# Which Paprika for a Hungarian Goulash 'like', recipe??



## larry_stewart (Sep 7, 2015)

When younger, my grandmother (whose parents were from Hungary). would make Hungarian Goulash.  She always served it over egg noodles, and with a pickle on the side ( usually Ba-tampte).

She wasn't the greatest cook, but this recipe she nailed.

She has since passed away, with no written records of her recipe.

Being that she has a Hungarian Background, I assume she used Hungarian Paprika in her recipe.

I went to the Penzy's web page and there were at least 2 Hungarian Paprika's listed ( Half sharp , and sweet(.

Any clue which would be more appropriate for such a recipe, or is just a matter of taste?

Just curious
Since Im vegetarian now, I won't try and recreate her recipe ( especially cause I remember most of the flavor was from the meat itself),  But I may try to whip up something with a similar taste profile, so i was just curious as to the Paprika she may have used.

Thanks,

larry

https://www.penzeys.com/search/#?q=paprika

PS:
IF there is another link to other, more appropriate, options, feel free to point me in the right direction


----------



## Steve Kroll (Sep 8, 2015)

Goulash is one of those things that people will argue about for hours on who has the most authentic recipe (kind of like chili or barbecue in this country).

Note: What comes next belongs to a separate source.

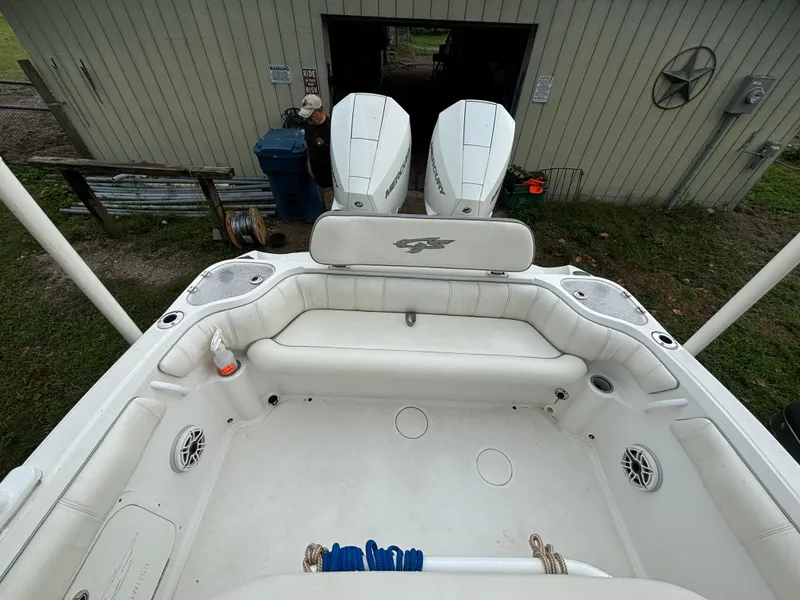 Slide: The Image of 2021 Glasstream 280 SCX boat interior with twin engines and spacious seating. - 23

Most recipes I've seen call for Hungarian sweet paprika, but I like to use a combination of both sweet and hot varieties. 

In the end, I don't think it really matters as long as it fits your tastes.


----------



## Andy M. (Sep 8, 2015)

The recipe I use calls for both sweet and hot paprika.  This allows you to get enough paprika flavor without making the dish too hot.


----------



## bethzaring (Sep 8, 2015)

I've been to Hungary and bought paprika from a vendor that only had one kind of paprika.  It was sweet.  But like Andy suggested, I would also use one with some heat for your dish.


----------



## Andy M. (Sep 8, 2015)

Larry, if you read a bunch of recipes for goulash, you'll find a variety of ingredients and quantities.  This is a local dish that evolved over many years in every household in the area.  I think the only rule for this type of dish is that paprika is the star of the dish and needs to have a strong presence.


----------



## larry_stewart (Sep 8, 2015)

Ok, thanks everyone.  Ill just base it on my memory, make some modifications, and add just the right amount of spice once I get everything else in order.


----------



## CharlieD (Sep 8, 2015)

It is definitely matter of taste. And in my personal cook book it is always matter of taste.


----------



## Lance Bushrod (Sep 9, 2015)

I'm a fan of the Spanish paprika's and especially the hot smoked. It can be very tasty on deviled eggs or sprinkled on any food like you would with black pepper. I've found Hungarian sweet to be too mild.


----------



## Szandra (Sep 13, 2015)

Hi,

I`m 100 % Hungarian and I`m telling you we are always cooking this with sweet paprika! (NOT SPANISH, NOT SMOKED...NOTHING CRAZY) If you like hot, you have to put some hot in it too, but the base of every Hungarian is made with sweet paprika. If you need any help with the process itself, let me know.


----------



## Lance Bushrod (Sep 14, 2015)

That's good to know and and thanks. 

Please post your process.


----------



## Kayelle (Sep 16, 2015)

Like Beth, when we visited Hungary I bought pouches of both hot and sweet paprika from a vendor. The cloth pouches had a cute drawing of a girl in costume and had a little wooden spoon inside. They made great gifts for my cooking friends and I kept several for myself. I was on a mission for making the best Goulash and Chicken Paprikash, and I have a recipe posted here for the Chicken Paprikash that's very good. I like a combination of two parts sweet and one part hot.
Now I've run out of the paprika I brought there and I think it was superior to what I now have to use. Just be sure to buy authentic Hungarian paprika Larry.


----------



## RPCookin (Sep 20, 2015)

I saw a program on TV a couple of years ago which was about a Hungarian paprika maker.  They made 4 different pepper blends, ranging from sweet to very hot.  I don't remember the manufacturer's name or much else except the four distinct blends.


----------